Project continuity across 65+ chats
CipherRank was designed and built across 65+ individual chats with Claude as an engineering partner. The challenge: Claude has no memory between chats. The chats themselves have limited capacity for context. Every new conversation starts cold. A project this complex — with interdependent specs, design decisions that ripple across documents, and engineering work that depends on locked design choices — cannot survive context loss.
The solution was a structured session briefing system. Each working session — which might span several chats — closes with an updated briefing document that carries the full project state: current status of every component, what was done, next priorities, a cumulative design decisions log, a discrepancy tracker for cross-document conflicts, and a ready-to-paste opening prompt for the next chat.
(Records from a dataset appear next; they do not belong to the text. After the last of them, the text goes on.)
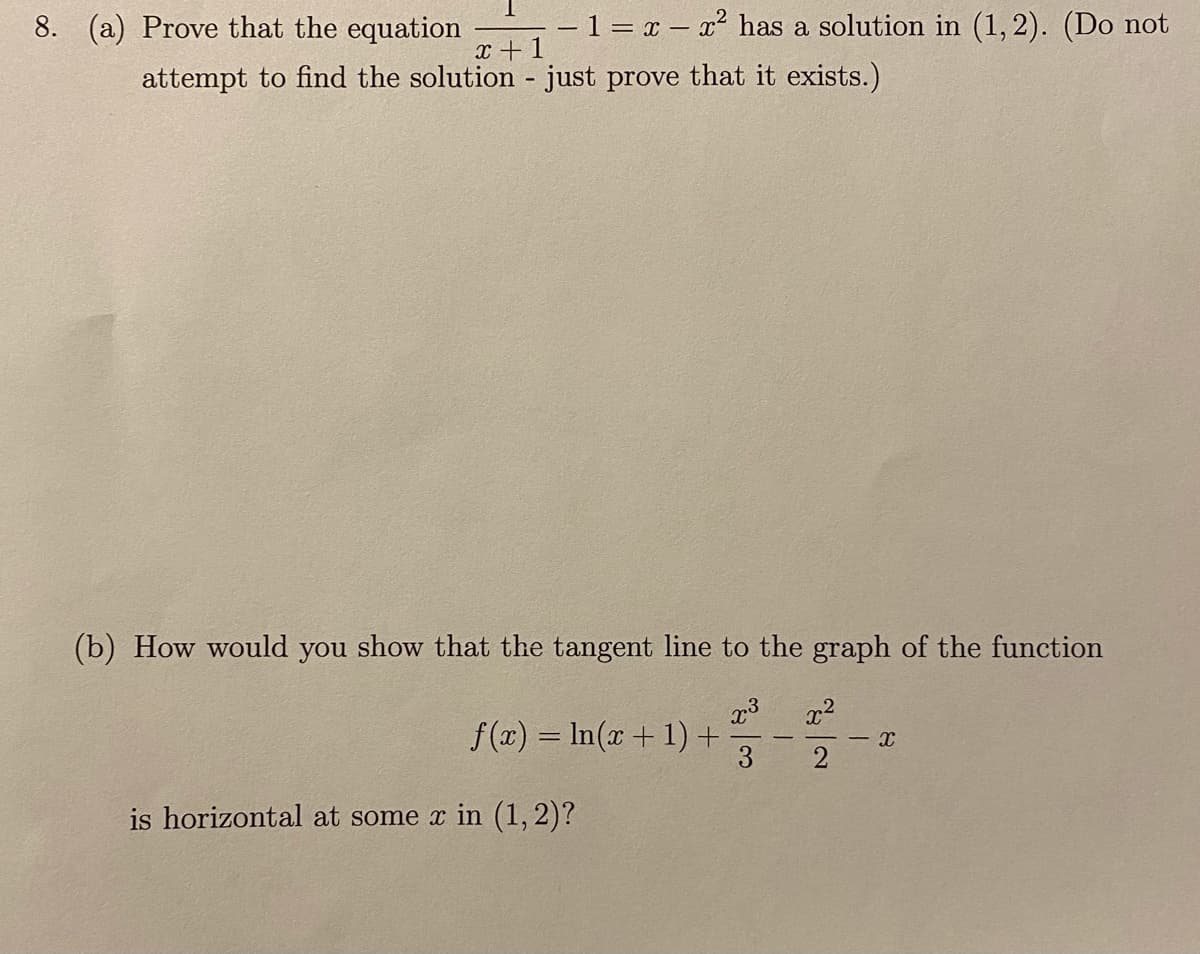 8. (a) Prove that the equation
–1 = x – x² has a solution in (1, 2). (Do not
x +1
attempt to find the solution - just prove that it exists.)
(b) How would you show that the tangent line to the graph of the function
x2
f (x) = In(x+ 1) +
is horizontal at some x in (1, 2)?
The briefing is versioned and every section carries forward — the iron rule is that sections are updated but never dropped.
This is a context architecture problem. The briefing system is to multi-chat AI collaboration what a well-maintained internal wiki is to a distributed engineering team — the institutional memory that prevents decisions from being revisited and dependencies from being missed.
The design-before-build approach worked well for architectural coherence, but it front-loaded all design decisions into a period when I had the least context about how the system would actually feel in use. Some decisions made during the UX Flow phase (Step 2) were later contradicted by implementation reality — the free-tier weekly cap, the streak multiplier values, and the feedback mode naming all changed during engineering. The discrepancy tracker in the session briefing caught these, but each one was a small rework.
The XP simulation (Step 3) was valuable for validating progression pacing, but I'd run it again after the content library hit 278 missions instead of only against the original 120. The difficulty distribution shifted as I authored more content, and the simulation was calibrated against the earlier mix.
If starting again, I'd keep the phased approach but build a minimal playable prototype after Step 2 — even before the backend architecture. Playing through two or three missions in a real UI would have surfaced the feedback mode naming issue, the weekly cap friction, and the sequential ordering need months earlier.